Akın Üner

Asarağaç Tepesinde Bir Fil Hikâyesi

Akın Üner

Bir varmııış, bir yokmuuuuş.

Karadeniz'in masmavi sularına nazır, Asarağaç diye çok güzel bir köy varmış.

Bu köyde, vakti saatinde Balkanlardan mübadele edilmiş Evladı Fatihanlar yaşarmış.

Günün birinde köyün olduğu memlekette Timur isminde bir zatı muhterem, köyün sırtını verdiği zümrüt yeşili Asarağaç Tepesi ormanlarına iki tane iş makinesi göndermiş. "Siz işinize gücünüze bakın, biz bu dağın taşını toprağını alıp satacağız" demiş.

Köylüler önceleri pek aldırış etmemişler, ancak sonra bakmışlar ki iş makinelerinin geçtikleri yerler yoluk ördek gibi dımdızlak kalıyor, bir çare bulmak için köyün meydanında toplaşmışlar.

Hiç kimse, Timur'a gidip iş makinelerini çekmesini söylemeye cesaret edemiyormuş.

Hele mahalledeki "salih" kullardan birisi, "Timur'un bir bildiği vardır, neme lazım, kızarsa bütün köyü dümdüz eder" diye ahaliyi korkutuyormuş.

Nihayet birisi, "Bu işi bizim Abacık yapar" diye atılmış. "Abacık, Osmanlı kadındır. Bir cesaret çıkar Timur'un karşısına, senin bu iş makineleri ormanlarımızı, topraklarımızı bozuyor." der. "Yap bir âlicenaplık da bizden al, başka bir yere götür bu zımbırtıları!"

Gerçekten de Abacık, pek cesurmuş. Ataları Balkanlardan evvel Karamanoğulları yurdunda, Akşehir Gölüne yoğurt çalan Hoca Nasreddin'e dayanırmış.

Köylüler Abacığın kapısını çalmışlar. "Hal böyleyken böyle" demişler.

Abacık düşünmüş taşınmış. "Çıkalım dağa, çağıralım gastecileri, alalım elimize istemezuk yazan afişleri, bağırıp çağıralım, sesimizi duyuralım!" demiş.
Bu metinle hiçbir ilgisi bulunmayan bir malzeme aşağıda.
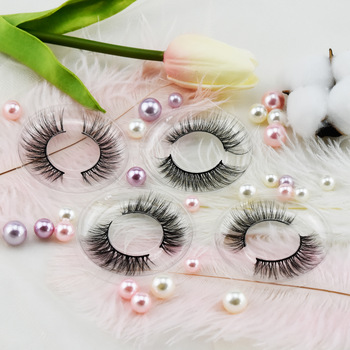 OEM 3D Round Eye Volume False Silk Lashes Vendor 2020 SP126 ZX107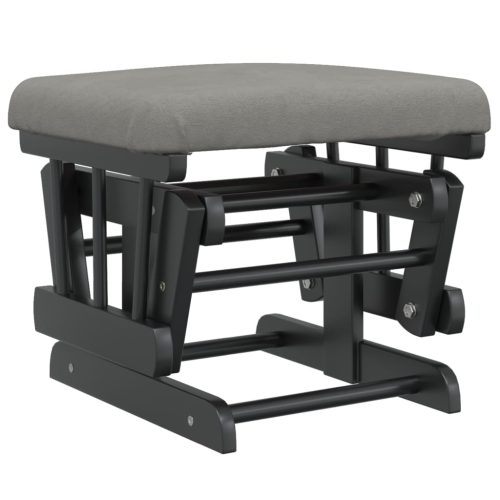  világosszürke szövet siklófotel zsámollyal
Bir kenarda olan biteni izleyen "Mahallenin salih bir kulu" hemen itiraz etmiş. "Timur'u kızdıracaksınız, bu defa iş makinelerini köye getirip bağınızı bahçenizi kafanıza geçirecek!"

Köylüler ürkmüş. "Te bu gızancığı sesleştirin, başımıza iş almayalım be aganın" diye mırıldanmaya başlamışlar.

Velâkin Abacık akıllı kadın, hemen bir çare bulmuş. "İyi o zaman, biz de dağa çıkarız piknik yaparız. Bayram günü bayramlaşırız. Timur ona da kızacak değil ya!" demiş. "Sonra hep beraber toplaşırız, iş makinelerinin yanına gidip gene yapacağımızı yaparız."

Bayram günü gelip çatmış.

Evladı Fatihanlar iş makinelerine itiraz edeceğiz diye bekleyedursun.

Evladı Salihanlar davul zurna çaldırıp şenlik yapmışlar. Fotoğraf çekip Timur'a whatsapptan göndermişler. "Bakınız efenim, ahali sizin gönderdiğiniz iş makinelerinden o kadar memnun ki davul zurna çalıp, hora dönüyor" diye yazmışlar.

Günün sonunda Abacık, "hadi iş makinelerinin başına gidip itirazımızı gastecilere söyleyelim. Onlar da yazarlar, çizerler. Bunu gören Timur belki insafa gelir." demiş.

Ne çare ki Abacık'la beraber iş makinelerinin yanına sadece üç çevreci ile birkaç muhalif gitmiş. Köylülerin hepsi ortalıktan kaybolmuş.

Abacık, onlardan erkek çıkmış. Diyeceğini demiş. Atası Nasreddin Hocası gibi "Timur, bize iki üç iş makinesi daha göndersin" dememiş.

Bu hikâyenin sonunda gökten üç elma filan da düşmemiş. Çünkü elma ağaçlarının hepsi kesilip odun yapılmış.

Salih kullar ermiş muradına, Asarağaçlılar çıkmış kerevetine.

Bundan sonrası Timur'un vicdanına kalmış tabii!